子育て支援で首都圏格差=東京の財政力背景、近隣県は反発
時事通信 / 2025年1月5日 9時1分
昨年7月の東京都知事選で300万票近くを獲得し3選を果たした小池百合子知事。0~18歳の都民に月額5000円を支給する「018サポート」事業や高校実質無償化など、巨額な財源が必要となる子育て支援策への支持を得た形で、今後も施策の充実が予定されている。近隣の埼玉、千葉、神奈川3県からは、都の豊かな財政力を背景に、首都圏で住民サービスに深刻な格差が生じているとの強い反発が出ている。
都はこれまでの施策に加え、9月から保育料無償化の対象を第1子にまで拡大する方針。小池氏の知事選公約には「大学給付型奨学金制度の創設」も盛り込まれており、子育て支援策のさらなる充実が見込まれる。
近隣県の反発に対し、都は3県が受け取れる地方交付税を含めれば、財政状況に大きな差はないと主張。子育て支援の財源確保は、事業の合理化など自助努力によるところも大きいと説明している。自治体が政策の優先順位を付けて予算を振り向けるのは当然だとして、都庁内では「それで『格差』と言うのであれば、都道府県は要らなくなる」(幹部)といった反論も聞こえる。

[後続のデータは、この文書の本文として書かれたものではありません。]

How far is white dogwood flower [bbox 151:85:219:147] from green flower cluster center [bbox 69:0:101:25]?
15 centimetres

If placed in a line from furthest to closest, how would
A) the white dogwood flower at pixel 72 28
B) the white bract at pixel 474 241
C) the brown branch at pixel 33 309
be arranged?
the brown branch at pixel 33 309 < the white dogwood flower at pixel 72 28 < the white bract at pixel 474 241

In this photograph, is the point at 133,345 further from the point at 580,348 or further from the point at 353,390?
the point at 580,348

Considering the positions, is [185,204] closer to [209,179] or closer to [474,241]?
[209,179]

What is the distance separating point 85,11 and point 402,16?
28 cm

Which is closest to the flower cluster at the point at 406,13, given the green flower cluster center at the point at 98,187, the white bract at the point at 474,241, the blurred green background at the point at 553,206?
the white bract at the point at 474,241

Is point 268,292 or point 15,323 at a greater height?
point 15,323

しかし、企業が集中する地域に税収が集まりやすい地方法人2税(法人事業税、法人住民税)により、「東京が豊かなのは事実だ」との声は、自治体関係者の間で根強い。自治体にとっての「貯金」に例えられる基金残高を見ても、都は2022年度末で約2兆3600億円だったのに対し、3県は約2600億~3900億円と桁が違う。

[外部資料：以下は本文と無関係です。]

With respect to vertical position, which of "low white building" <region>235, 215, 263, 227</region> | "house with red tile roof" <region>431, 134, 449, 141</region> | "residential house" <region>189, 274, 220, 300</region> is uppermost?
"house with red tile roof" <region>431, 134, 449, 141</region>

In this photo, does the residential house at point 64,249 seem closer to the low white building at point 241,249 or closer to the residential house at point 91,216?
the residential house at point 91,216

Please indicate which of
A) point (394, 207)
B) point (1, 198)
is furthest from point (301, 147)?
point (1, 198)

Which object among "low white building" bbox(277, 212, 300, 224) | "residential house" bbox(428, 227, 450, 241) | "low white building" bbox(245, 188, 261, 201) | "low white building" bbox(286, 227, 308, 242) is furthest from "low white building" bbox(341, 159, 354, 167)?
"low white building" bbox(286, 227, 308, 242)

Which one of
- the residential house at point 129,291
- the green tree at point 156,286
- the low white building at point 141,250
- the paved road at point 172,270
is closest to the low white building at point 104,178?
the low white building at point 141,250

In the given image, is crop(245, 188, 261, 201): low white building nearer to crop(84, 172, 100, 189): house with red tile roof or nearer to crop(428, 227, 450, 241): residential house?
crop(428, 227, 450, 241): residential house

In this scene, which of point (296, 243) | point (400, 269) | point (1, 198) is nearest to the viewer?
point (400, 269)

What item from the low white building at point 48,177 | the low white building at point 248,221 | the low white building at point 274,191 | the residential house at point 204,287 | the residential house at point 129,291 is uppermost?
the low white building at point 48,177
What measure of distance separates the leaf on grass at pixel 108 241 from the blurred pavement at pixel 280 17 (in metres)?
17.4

格差を解消するため、税源の偏在を是正する税制改正を求める声があるものの、実現を目指す場合、真っ向から対立する東京と他県との利害調整が必要。「石破茂首相の政権基盤が脆弱(ぜいじゃく)な中で、実現は難しいだろう」(中央省庁関係者)といった見方が一般的だ。当面は、偏在是正を求める側も反対する側も、それぞれの主張を展開するだけの状態が続くとみられる。